Indeed, as C. S. Lewis pointed out, he was tempted far worse than we ever are, because we only go so long and then we break; he never broke. Satan hit him with everything he had, and Jesus took it all and stood fast under suffering far greater than anything we could survive. And of course, he didn’t survive it; his victory required that he accept suffering to the point of death, and beyond—and he accepted that suffering, and so won that victory, for us. He did it so that he could pay the penalty for our sin, a penalty beyond all our resources and abilities put together to pay; and so that in so doing, he could set us free from our slavery to sin, and bring us out from under the dominance of death, which together were a bondage we could never have escaped, no matter how hard we might try. This is the victory he won; this is how he won it; this is the Jesus we see, and no other.

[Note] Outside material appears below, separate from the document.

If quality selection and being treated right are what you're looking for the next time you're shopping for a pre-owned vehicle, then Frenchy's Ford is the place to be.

And in truth, how else could it be? We keep looking for God to win victories the same way the world does—but we have plenty of politicians and plenty of generals already; is one more of them, even a better one, really going to help? Is not the Jesus we actually see, the one who experienced the sorrow and agony of our world to its shattered-glass depths, who bears its marks deep in his being—isn’t this Jesus the Savior we truly need? Everyone else who claims authority in this world does so in some way on the basis of power—whether as brutal as a military coup or as gentle as a majority of the popular vote; Jesus receives it on the basis of sacrifice and suffering. They claim it for themselves; he claims it, in a very real sense, for us.

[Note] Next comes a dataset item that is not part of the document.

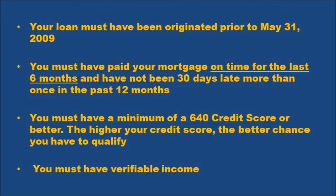You must have a minimum 640 credit score or better. The higher your credit score, the better chance you have to qualify. In fact, as your credit score goes up, the easier it is to qualify and the more upside down you can be on your mortgage. For example, if you're upside down by 150 to 160% of the value of your property, having a 640 or 660 credit score won't be enough — you're going to need to be close to a 700 credit score in order to borrow that much money against the appraised value of your property. And you must have verifiable income.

The one to whom God made this world subject is not some distant conqueror, mighty warlord, or calculating politician; he isn’t someone who just wants everything to run smoothly with no complications, and never mind what happens to individuals in the machine. No, he’s the one who grieves as we grieve for the sister who is addicted to meth, for the brother who has just been abandoned by an unfaithful wife, for the father who has Alzheimer’s and the mother whose husband no longer remembers her, for the daughter who longs to have children and cannot, for the son who has declared his hatred of God and started wearing pink triangles and rainbows.

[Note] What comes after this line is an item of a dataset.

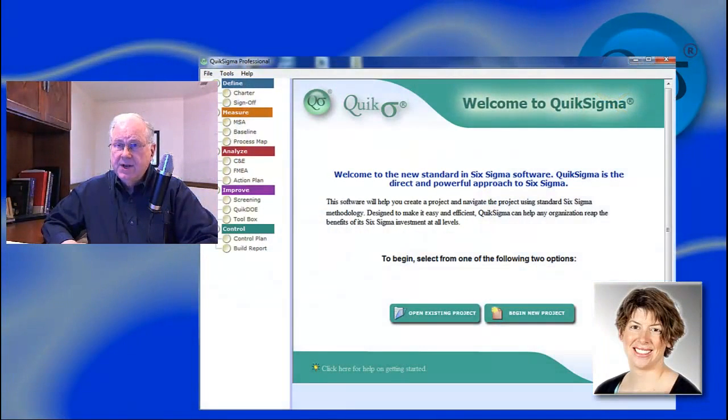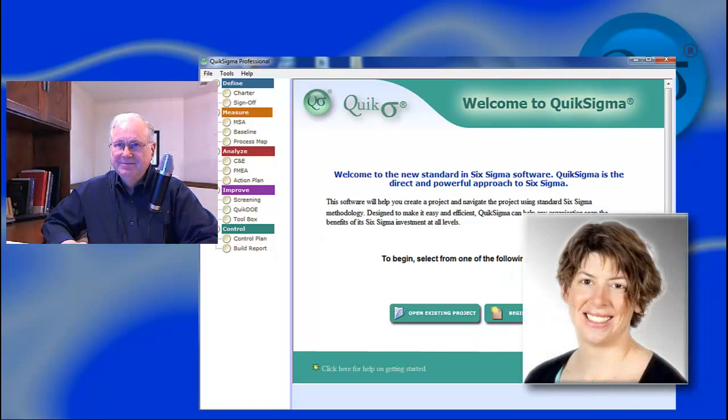I'm Denton Bramwell, Senior Master Black Belt, and with me today is Whitney, who has just completed her Advanced Green Belt Six Sigma project. Hello Whitney. Hi, I'm Denton. It's good to have you with us. Tell us about yourself and a little bit about your company.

No, with the eyes of this world, we do not see all things subject to him, not on this tortured, fractured planet of myeloma and Alzheimer’s, terrorism and murder, deformity and death, war and betrayal; but with the eyes of faith, we can look at the cancer clinic and the dementia unit, at the battlefield and the funeral, and at every other place where people sin and people suffer—which is everywhere—and we see Jesus. Because Jesus is there, bringing reconciliation, redemption, repentance, and healing. This is the gospel, not that Jesus is striding through the world preventing the bad people from causing suffering, but that when suffering comes, he is in it with us, working through it for our good, to bring us his victory—and that he is enough. He is enough for us now; he is enough for us for always.